Scraped caption text data
---*---
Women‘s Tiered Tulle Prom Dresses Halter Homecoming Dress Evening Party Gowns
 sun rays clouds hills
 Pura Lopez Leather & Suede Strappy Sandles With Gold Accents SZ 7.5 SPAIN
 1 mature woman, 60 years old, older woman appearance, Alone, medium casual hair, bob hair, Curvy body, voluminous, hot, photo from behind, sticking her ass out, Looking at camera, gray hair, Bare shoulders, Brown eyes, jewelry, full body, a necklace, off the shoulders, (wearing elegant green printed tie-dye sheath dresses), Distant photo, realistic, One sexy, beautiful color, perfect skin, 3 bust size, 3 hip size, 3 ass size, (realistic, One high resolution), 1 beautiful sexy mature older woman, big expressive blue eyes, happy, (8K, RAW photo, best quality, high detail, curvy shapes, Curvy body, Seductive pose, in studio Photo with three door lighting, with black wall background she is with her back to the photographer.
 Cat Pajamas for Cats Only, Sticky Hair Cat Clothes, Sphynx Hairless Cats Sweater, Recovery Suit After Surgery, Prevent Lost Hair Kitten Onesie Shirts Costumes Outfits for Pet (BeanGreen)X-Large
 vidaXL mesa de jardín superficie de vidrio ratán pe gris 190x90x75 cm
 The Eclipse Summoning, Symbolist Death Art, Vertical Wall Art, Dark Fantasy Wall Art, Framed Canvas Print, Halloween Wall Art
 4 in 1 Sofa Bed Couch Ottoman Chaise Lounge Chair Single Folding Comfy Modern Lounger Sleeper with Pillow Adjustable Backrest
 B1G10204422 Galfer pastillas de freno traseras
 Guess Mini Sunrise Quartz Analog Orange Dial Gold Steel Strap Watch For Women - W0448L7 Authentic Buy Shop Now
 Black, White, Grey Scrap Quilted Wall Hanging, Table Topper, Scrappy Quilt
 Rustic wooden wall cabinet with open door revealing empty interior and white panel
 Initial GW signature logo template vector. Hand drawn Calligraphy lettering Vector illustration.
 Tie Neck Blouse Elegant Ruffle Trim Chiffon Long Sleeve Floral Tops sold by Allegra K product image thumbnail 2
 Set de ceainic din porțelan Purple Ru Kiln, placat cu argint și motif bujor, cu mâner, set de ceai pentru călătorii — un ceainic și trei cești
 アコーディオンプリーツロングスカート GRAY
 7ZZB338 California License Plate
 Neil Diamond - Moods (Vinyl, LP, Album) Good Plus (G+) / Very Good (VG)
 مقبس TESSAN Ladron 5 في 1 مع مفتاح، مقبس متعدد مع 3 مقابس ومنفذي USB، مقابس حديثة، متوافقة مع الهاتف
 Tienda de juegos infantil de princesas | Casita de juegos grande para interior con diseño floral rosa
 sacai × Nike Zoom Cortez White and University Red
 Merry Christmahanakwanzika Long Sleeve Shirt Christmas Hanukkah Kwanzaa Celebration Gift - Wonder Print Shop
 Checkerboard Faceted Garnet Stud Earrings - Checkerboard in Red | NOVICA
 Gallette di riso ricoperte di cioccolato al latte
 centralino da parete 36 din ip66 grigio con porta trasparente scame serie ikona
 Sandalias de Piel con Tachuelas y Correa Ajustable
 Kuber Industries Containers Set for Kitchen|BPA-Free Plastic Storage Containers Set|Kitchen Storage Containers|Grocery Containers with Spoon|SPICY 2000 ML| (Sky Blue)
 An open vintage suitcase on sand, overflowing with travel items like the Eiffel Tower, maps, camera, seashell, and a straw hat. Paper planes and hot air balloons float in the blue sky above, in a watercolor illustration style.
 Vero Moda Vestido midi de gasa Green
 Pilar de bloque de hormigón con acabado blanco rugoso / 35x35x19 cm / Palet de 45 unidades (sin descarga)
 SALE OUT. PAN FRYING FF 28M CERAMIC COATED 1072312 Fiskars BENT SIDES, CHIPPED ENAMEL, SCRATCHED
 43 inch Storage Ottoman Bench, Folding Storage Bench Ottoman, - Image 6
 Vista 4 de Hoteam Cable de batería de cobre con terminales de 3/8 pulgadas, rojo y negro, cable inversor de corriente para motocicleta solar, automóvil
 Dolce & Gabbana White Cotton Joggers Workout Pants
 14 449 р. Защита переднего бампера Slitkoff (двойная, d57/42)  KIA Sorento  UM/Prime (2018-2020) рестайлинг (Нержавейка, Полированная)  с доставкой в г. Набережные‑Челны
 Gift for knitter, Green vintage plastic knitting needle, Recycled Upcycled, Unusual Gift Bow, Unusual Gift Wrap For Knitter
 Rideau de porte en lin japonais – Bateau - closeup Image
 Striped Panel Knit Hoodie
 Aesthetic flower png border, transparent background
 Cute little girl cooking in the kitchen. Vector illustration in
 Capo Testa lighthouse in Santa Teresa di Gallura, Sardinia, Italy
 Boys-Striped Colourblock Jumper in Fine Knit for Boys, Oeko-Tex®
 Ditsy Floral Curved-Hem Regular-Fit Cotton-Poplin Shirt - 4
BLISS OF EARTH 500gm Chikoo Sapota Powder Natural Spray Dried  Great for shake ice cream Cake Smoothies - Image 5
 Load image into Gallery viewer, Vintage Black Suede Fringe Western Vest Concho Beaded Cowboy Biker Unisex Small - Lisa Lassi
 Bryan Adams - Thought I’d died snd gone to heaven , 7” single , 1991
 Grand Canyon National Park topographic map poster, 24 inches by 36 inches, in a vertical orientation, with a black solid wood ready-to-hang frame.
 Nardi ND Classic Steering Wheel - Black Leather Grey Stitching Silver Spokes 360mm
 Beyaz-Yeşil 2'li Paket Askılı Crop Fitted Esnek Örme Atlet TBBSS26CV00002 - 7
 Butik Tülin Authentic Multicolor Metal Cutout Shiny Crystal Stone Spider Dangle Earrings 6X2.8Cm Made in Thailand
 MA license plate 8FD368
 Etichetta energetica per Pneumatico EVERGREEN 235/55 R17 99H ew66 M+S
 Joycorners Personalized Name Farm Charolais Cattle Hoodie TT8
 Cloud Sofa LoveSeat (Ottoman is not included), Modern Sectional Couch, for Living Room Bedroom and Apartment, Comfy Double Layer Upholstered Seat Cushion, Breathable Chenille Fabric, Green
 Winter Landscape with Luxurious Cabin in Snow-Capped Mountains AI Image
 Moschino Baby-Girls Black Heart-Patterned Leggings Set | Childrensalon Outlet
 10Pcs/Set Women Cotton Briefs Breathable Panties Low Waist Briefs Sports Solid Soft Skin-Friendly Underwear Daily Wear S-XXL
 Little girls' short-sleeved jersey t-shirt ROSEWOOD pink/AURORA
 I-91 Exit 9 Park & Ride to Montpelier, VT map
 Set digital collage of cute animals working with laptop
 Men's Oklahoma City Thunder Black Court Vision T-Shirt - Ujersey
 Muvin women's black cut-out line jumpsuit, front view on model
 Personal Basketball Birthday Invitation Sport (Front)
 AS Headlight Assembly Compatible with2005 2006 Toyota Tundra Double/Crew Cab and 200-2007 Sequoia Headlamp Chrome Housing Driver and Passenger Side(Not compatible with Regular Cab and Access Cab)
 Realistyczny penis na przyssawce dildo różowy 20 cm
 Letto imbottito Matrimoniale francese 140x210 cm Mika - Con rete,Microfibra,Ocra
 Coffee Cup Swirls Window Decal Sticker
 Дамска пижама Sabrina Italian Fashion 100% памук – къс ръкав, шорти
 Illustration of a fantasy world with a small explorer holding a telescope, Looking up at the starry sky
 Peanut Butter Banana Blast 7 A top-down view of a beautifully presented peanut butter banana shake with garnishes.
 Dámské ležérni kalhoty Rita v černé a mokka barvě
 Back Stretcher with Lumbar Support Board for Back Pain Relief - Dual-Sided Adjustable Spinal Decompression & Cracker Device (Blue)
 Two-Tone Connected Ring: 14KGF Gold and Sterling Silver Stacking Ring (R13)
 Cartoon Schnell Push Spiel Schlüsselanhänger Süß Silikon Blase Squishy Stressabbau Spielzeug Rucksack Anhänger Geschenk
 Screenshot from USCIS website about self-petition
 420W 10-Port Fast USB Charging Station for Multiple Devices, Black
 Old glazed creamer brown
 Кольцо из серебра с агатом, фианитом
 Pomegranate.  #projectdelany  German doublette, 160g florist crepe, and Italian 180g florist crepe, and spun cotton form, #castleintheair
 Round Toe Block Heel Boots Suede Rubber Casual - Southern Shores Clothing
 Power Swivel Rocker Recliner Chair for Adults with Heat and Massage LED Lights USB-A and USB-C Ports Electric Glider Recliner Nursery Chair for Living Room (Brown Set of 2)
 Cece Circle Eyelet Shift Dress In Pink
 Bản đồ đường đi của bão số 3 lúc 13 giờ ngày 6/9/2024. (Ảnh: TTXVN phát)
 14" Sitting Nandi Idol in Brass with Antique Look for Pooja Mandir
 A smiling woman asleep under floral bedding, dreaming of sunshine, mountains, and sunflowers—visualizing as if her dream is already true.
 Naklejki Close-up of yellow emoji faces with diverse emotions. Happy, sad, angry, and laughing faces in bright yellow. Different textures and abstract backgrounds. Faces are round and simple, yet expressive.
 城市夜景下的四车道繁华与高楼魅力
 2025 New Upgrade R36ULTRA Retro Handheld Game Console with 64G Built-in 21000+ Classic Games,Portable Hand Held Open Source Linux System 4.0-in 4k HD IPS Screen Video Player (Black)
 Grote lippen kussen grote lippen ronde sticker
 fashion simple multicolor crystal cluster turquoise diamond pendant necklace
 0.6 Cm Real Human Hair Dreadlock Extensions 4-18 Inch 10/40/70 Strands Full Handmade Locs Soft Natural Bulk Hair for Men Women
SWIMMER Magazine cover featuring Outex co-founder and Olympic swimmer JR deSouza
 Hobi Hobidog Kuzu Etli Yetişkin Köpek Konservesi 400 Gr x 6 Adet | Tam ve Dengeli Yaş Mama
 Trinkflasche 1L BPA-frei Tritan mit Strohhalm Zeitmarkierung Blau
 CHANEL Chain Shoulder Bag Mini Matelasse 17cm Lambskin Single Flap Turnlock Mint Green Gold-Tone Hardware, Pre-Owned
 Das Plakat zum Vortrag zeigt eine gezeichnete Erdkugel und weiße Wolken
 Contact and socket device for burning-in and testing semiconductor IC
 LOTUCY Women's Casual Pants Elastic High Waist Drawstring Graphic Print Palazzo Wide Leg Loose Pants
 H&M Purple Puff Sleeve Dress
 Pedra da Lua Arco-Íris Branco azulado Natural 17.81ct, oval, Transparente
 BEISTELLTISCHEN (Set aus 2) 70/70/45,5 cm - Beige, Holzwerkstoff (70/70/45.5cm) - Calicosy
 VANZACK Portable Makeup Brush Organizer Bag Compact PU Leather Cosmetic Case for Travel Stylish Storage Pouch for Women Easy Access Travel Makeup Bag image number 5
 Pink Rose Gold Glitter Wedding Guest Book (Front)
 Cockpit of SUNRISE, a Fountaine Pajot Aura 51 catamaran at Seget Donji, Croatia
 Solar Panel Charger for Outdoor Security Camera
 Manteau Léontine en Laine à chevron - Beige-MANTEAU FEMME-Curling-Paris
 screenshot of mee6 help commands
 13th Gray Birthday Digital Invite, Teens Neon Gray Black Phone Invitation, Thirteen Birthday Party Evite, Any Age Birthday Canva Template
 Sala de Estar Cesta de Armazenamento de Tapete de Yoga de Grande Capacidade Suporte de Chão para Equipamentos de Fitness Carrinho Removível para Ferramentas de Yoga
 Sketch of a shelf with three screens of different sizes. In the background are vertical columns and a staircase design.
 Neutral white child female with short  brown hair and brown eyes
---*---
(PROBLEM TO WORK ON) Copy the entries word for word. Start at the first line and end with the line containing "Pura Lopez Leather".

(ANSWER BELOW)
Women‘s Tiered Tulle Prom Dresses Halter Homecoming Dress Evening Party Gowns
 sun rays clouds hills
 Pura Lopez Leather & Suede Strappy Sandles With Gold Accents SZ 7.5 SPAIN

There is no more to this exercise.